The reveal of Volkoff's true identity was highly praised. Eric Goldman of IGN has praised Dalton's performance, writing that he "continues to shine as Volkoff. The mixture of menace and humor he brings is perfect." Goldman asked, "How can you not share the delight of a villain who boasts that his boat has state of the art weaponry and security, 'and an old-fashioned ice cream parlor!' The fact that he was later seen having a menacing conversation, while eating ice cream, only added to that epicness."

==Personality==
In his first appearance, he claimed to be able to kill a man with a plastic fork. When threatened with torture by Dasha, he instantly reveals several irrelevant details about his life.

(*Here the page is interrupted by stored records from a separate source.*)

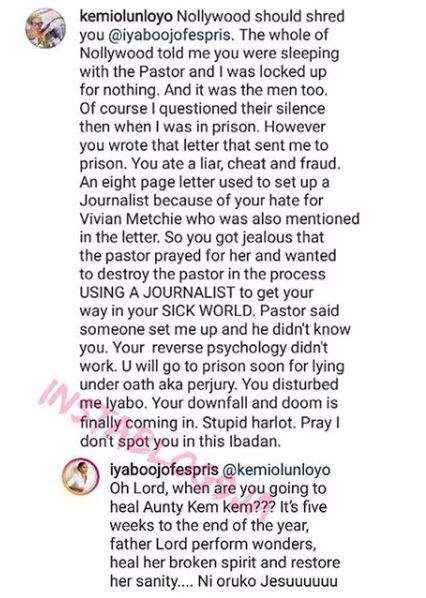 You Were Sleeping With The Pastor, Stupid harlot, you will go to jail - Kemi Olunloyo Slams Iyabo Ojo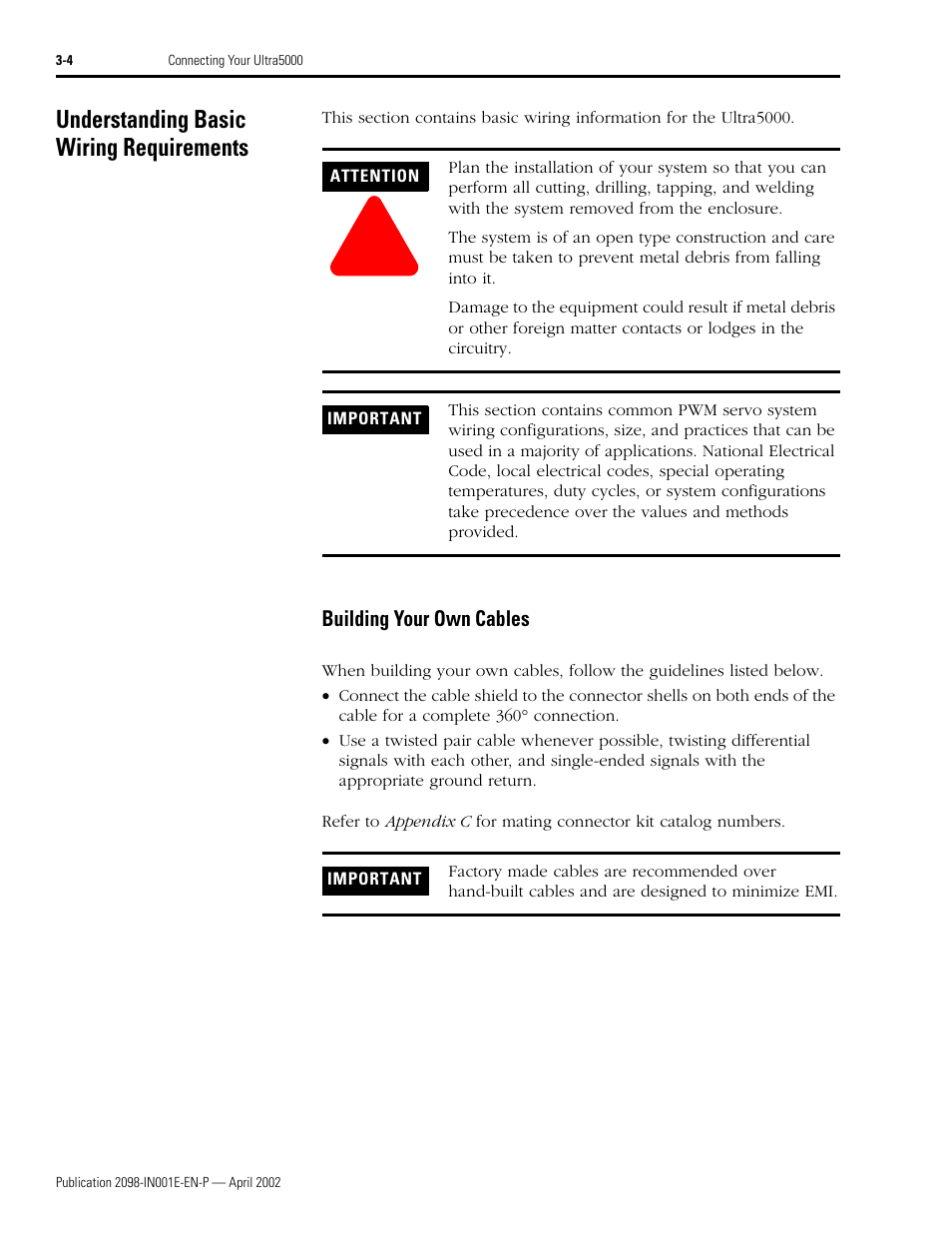 Understanding basic wiring requirements, Building your own cables, Understanding basic wiring requirements -4 | Building your own cables -4 | Rockwell Automation 2098-IPD-xxx Ultra5000 Intelligent Positioning Drives Installation Manual User Manual | Page 64 / 160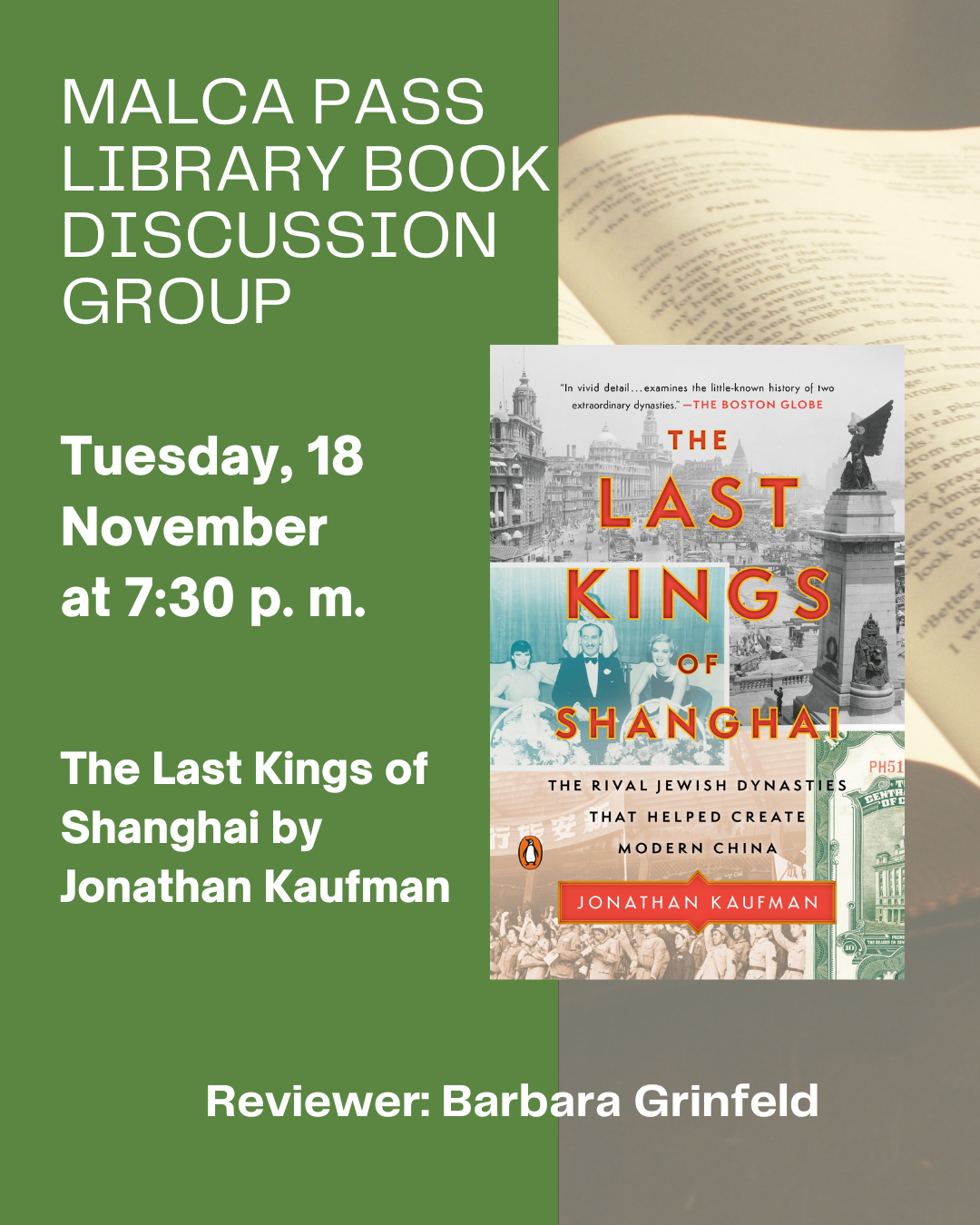 Malca Pass Library Book Discussion group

It is later revealed that Alexei loves Mary and will go to great lengths to protect her. However, he would rather kill Mary than let her live without him. When holding people at gunpoint, Volkoff cocks the hammer of his semi-automatic pistol, an action unnecessary due to recoil operation, simply because he likes the sound.

Volkoff reveals to Sarah that he is a romantic who appreciates "paintings, poetry, the art of massage." He later gleefully discusses Yuri the Gobbler by saying, "Don't ask why he's called that... It's because he eats people!" In the same episode, he expresses his disappointment before shooting Yuri in the head without hesitation. In "Chuck Versus the Push Mix", Volkoff reveals that the password to unlock Hydra is "Death is the solution to all problems," a quote from his "favorite poet and humanitarian, Joseph Stalin."

Although Volkoff claims to be loved by children, the longest he ever saw his own daughter was ten minutes, with years between each meeting. Volkoff's customary greeting is a kiss to both cheeks and, in Chuck's case, the lips.

"Chuck Versus the Family Volkoff" saw a drastic change in Volkoff's personality, as counseling sessions in prison have led him to regret the way he has lived his life. To prove that he is a changed man, he takes every opportunity to apologize to those he has wronged in the past. He is shown to play chess, nearly getting himself and Chuck killed when he panics after being checked in a computer chess game. It suddenly dawns upon him that he does not want to die. After encouragement by Chuck to return to his old ways, Volkoff is shown to have led the automated player into a trap, paralleling the way he has manipulated Team Bartowski throughout the episode. When his daughter leaves him to die for lying to her, however, Volkoff appears to have genuinely changed.

It is first revealed in "Chuck Versus Agent X" that Alexei Volkoff is actually a constructed identity. As Agent X, Volkoff possesses two distinct personalities: the dangerous arms dealer and his true, long lost personality as the gentle scientist with a dislike for guns, Hartley Winterbottom.